● **SUPPLIED RECORDS**:
++++++
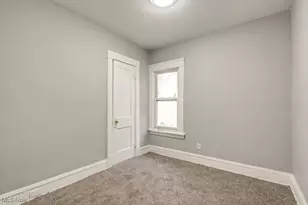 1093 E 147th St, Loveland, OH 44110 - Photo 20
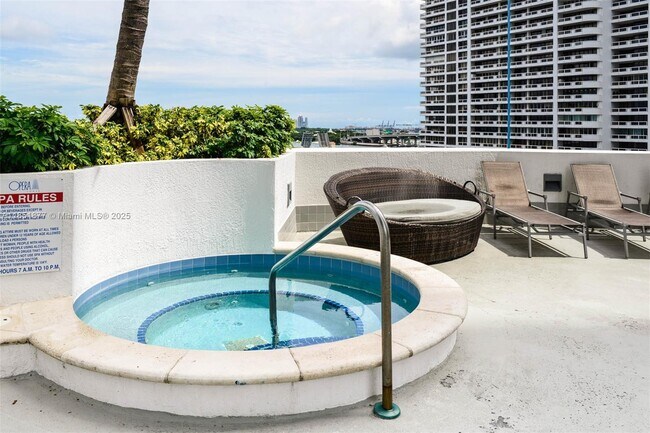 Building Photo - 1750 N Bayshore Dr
++++++
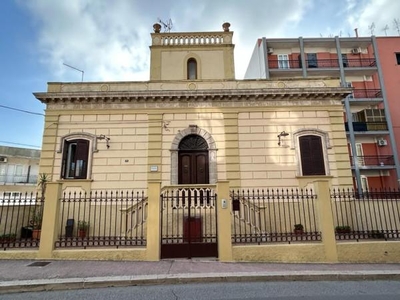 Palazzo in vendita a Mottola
++++++
Using the data above, retype exactly and only the lines from the one containing "1093 E 147th" up to and including the one containing "Building Photo - 1750 N Bayshore Dr", with no pictures carried over.

● **SOLUTION FOR THIS PROBLEM**:
 1093 E 147th St, Loveland, OH 44110 - Photo 20
 Building Photo - 1750 N Bayshore Dr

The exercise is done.